CFOs facing the big squeeze: Cut costs, ramp investment, says Deloitte
It's not easy being a chief financial officer and they're being squeezed again as they need to cut costs yet continue to invest in new technologies such as cloud and AI, according to Deloitte's latest CFO Signals report.
This squeeze won't be painful as long as technology delivers returns. In theory, enterprises should be able to reinvest productivity savings in a continual loop. We all know the reality turns out to be a bit different.
Here's a look at the moving parts for the 200 CFOs surveyed by Deloitte.
- 52% of CFOs cite cost management as their top internal concern.

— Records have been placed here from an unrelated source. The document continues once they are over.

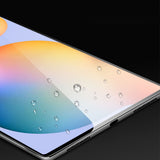 2Pcs Glass Screen Protector Compatible with Samsung Galaxy Tab S10 FE/ S10 FE Plus 13"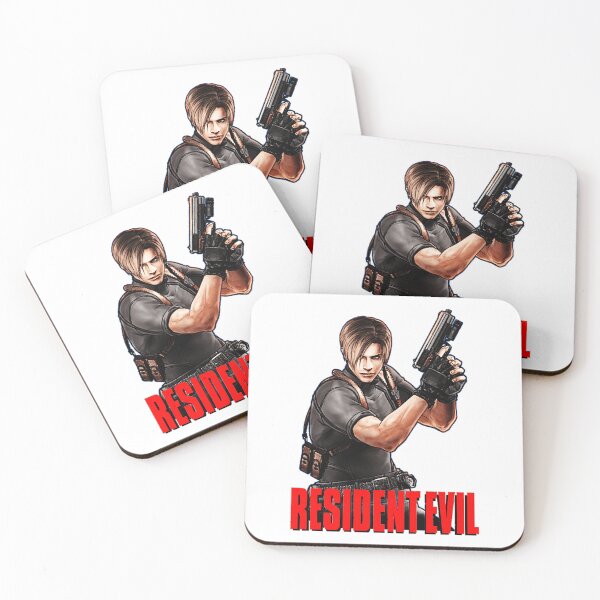 Item preview, Resident Evil Leon S designed and sold by Elviscostello22.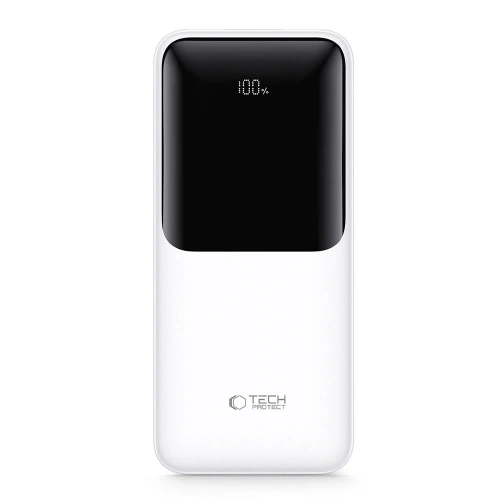 Powerbank Tech-Protect PB02 20000mAh 22.5W White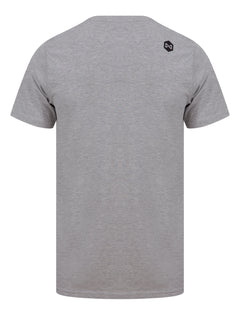 Navitas Knuckles Tee Grey Marle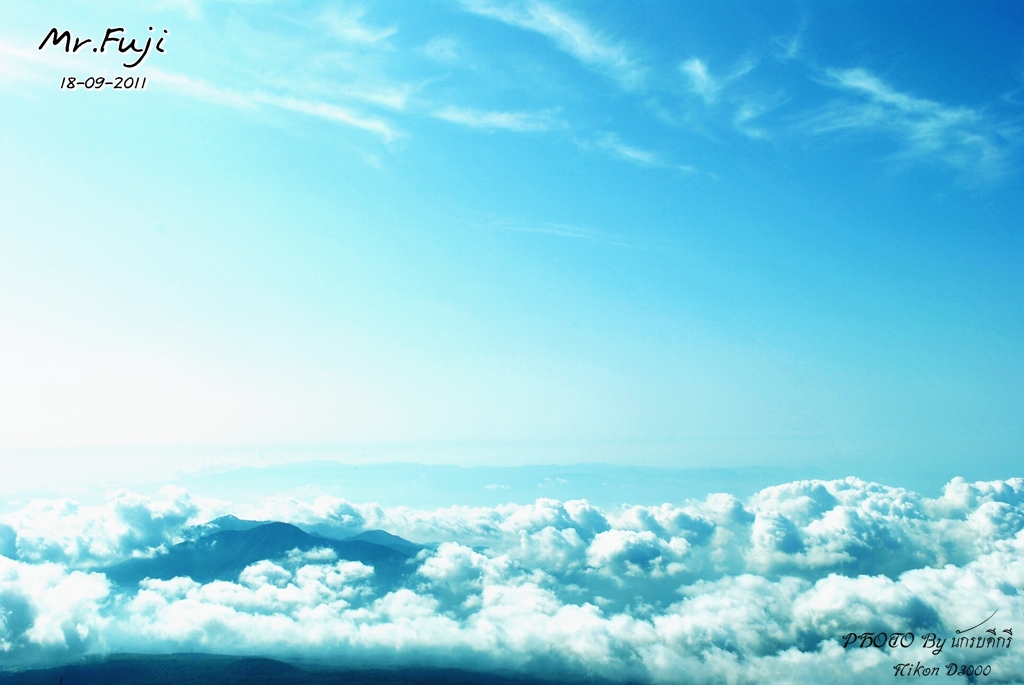 Mr.Fuji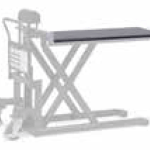 Plate forme amovible - accessoire -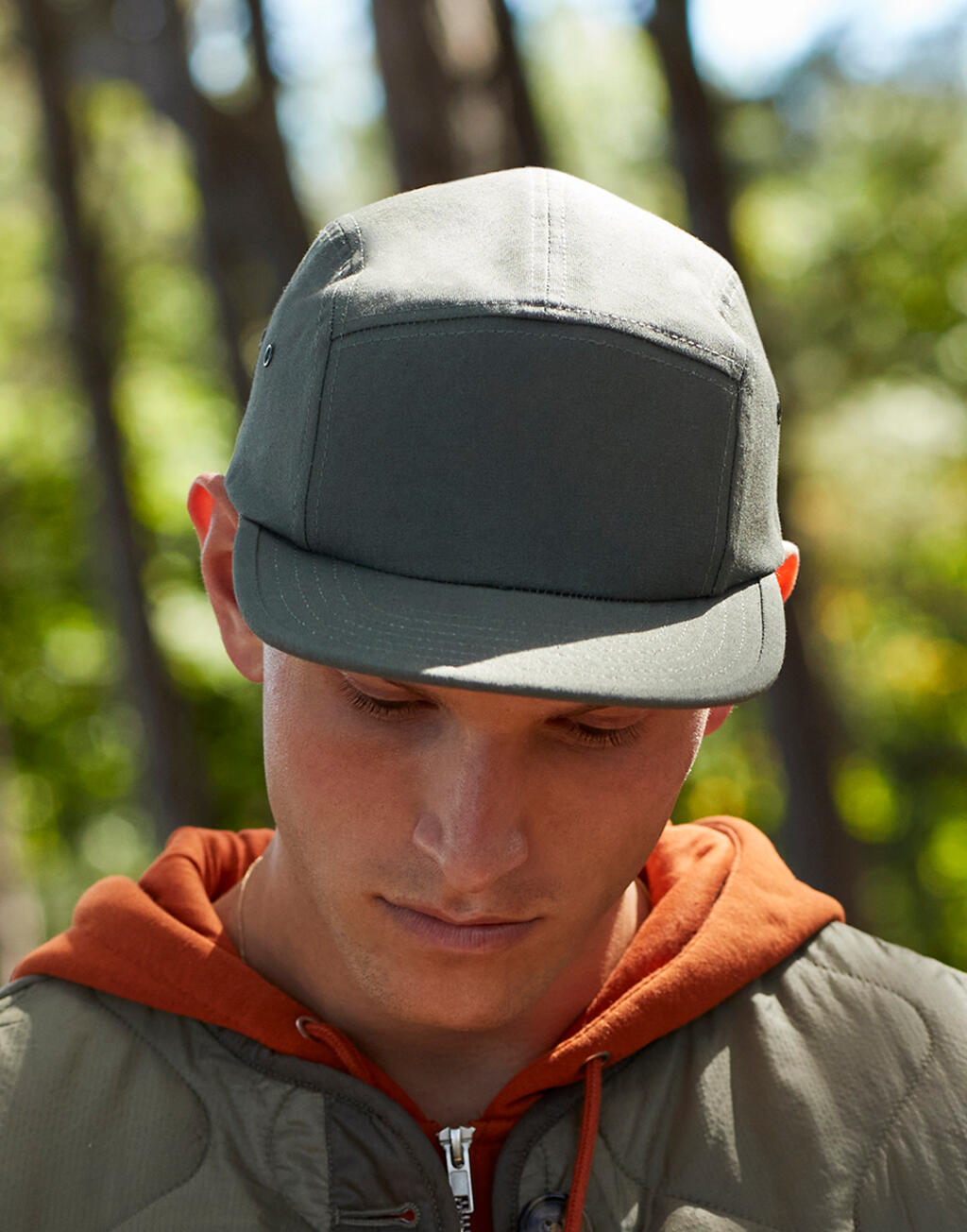 Canvas Cap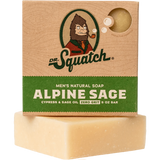Dr. Squatch Alpine Sage All Natural Soap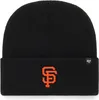 MLB San Francisco Giants ’47 Mütze Wollmütze Beanie knit Produktbild-Vorschau 1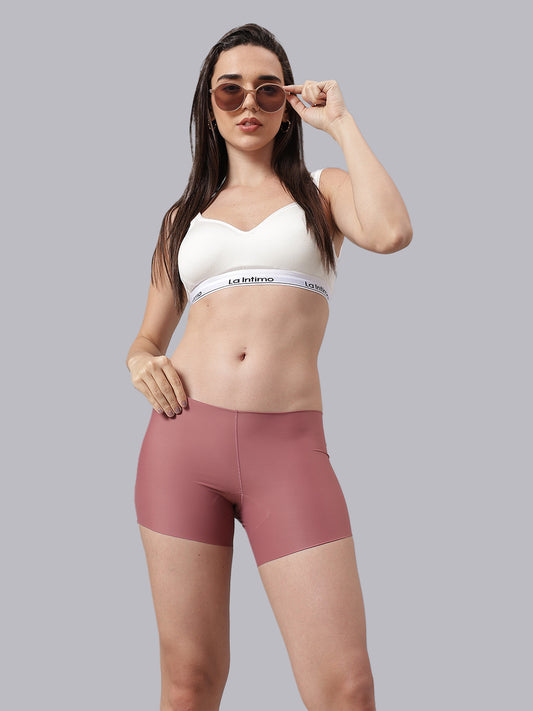 MicroModal Bra Panty Set - Silk Bloom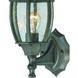 Covington 1 Light 14.25 inch Painted Bronze Outdoor Wall Sconce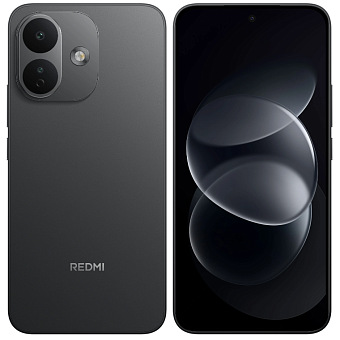 Смартфон Xiaomi Redmi Note 17 Pro 8/512Gb Black (черный)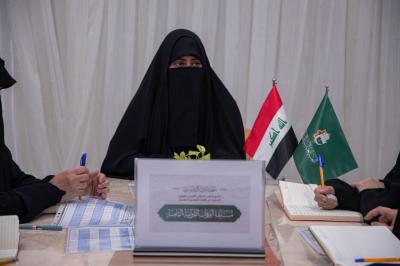 معهد القرآن الكريم النسوي يكثّف استعداداته لإقامة مسابقة الفرقان القرآنية الوطنية الثامنة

- 49% of CFOs say they face pressure to invest in new technologies to drive cost savings.
- 52% of CFOs are redirecting operating expenses to meet cost management goals and 46% say they are redirecting capital expenditures.
- 53% say automation and technology upgrades have been the most helpful in controlling costs.

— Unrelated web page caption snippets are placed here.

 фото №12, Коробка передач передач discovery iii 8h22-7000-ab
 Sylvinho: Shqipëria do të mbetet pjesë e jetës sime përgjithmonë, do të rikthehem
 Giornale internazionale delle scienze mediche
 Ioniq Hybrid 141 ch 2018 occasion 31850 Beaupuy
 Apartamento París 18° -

The timing of Deloitte's survey is also worth noting as it took place in the first two weeks of March just as the war with Iran kicked off. In other words, cost management is the only thing CFOs can control in an uncertain environment. Six months ago, cost containment was the No. 3 priority.

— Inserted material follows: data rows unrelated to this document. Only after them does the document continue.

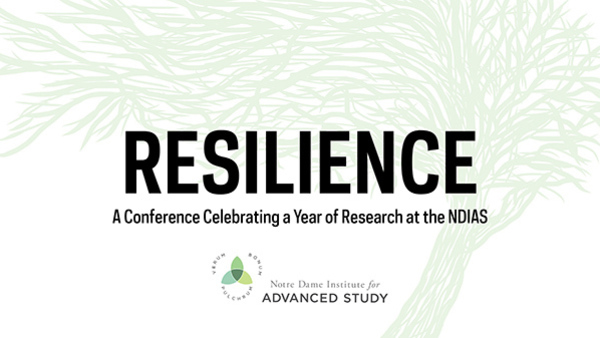 NDIAS Resilience Conference
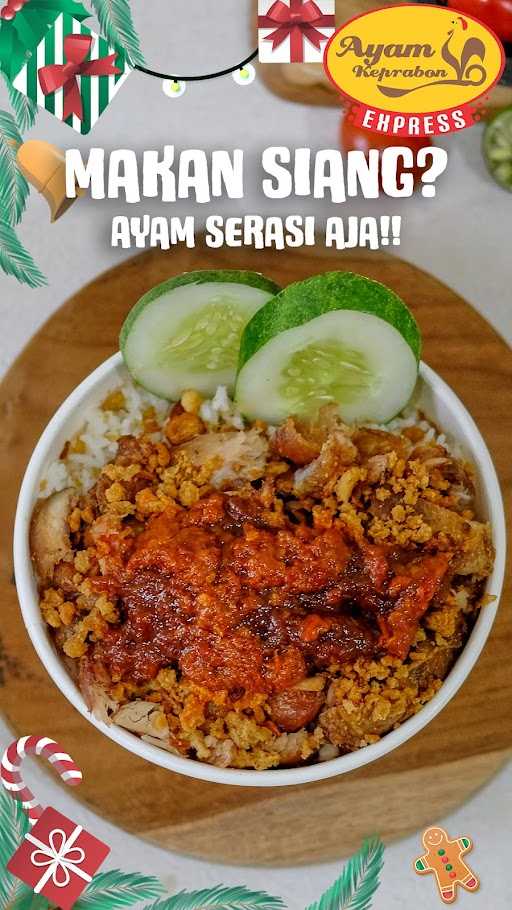 Ayam Keprabon Express 4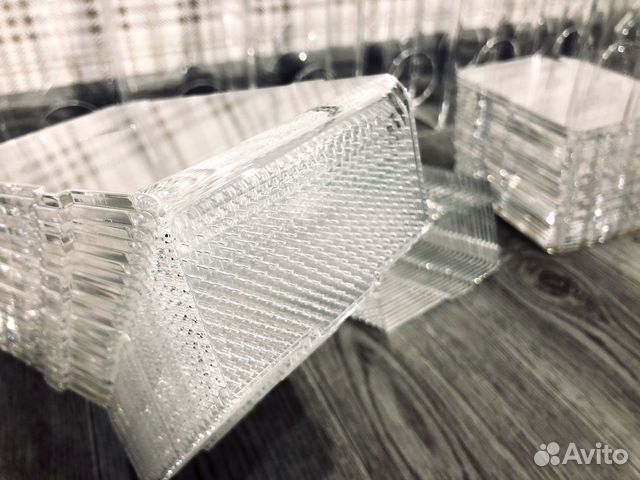 Лазерная резка, гибка акрила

Deloitte’s survey aligns with a PwC report that documents how enterprises get defensive in uncertain environments, but leaders are hellbent on investing in technology and AI anyway.
According to Deloitte, CFOs said the No. 1 internal obstacle to reining in costs was siloed departments and independent business units followed by outdated technology.
Keep those CFO cross currents in mind as companies report earnings from the IT buy side as well as vendors. Enterprises need to see real returns and vendors need to deliver ROI or fade away.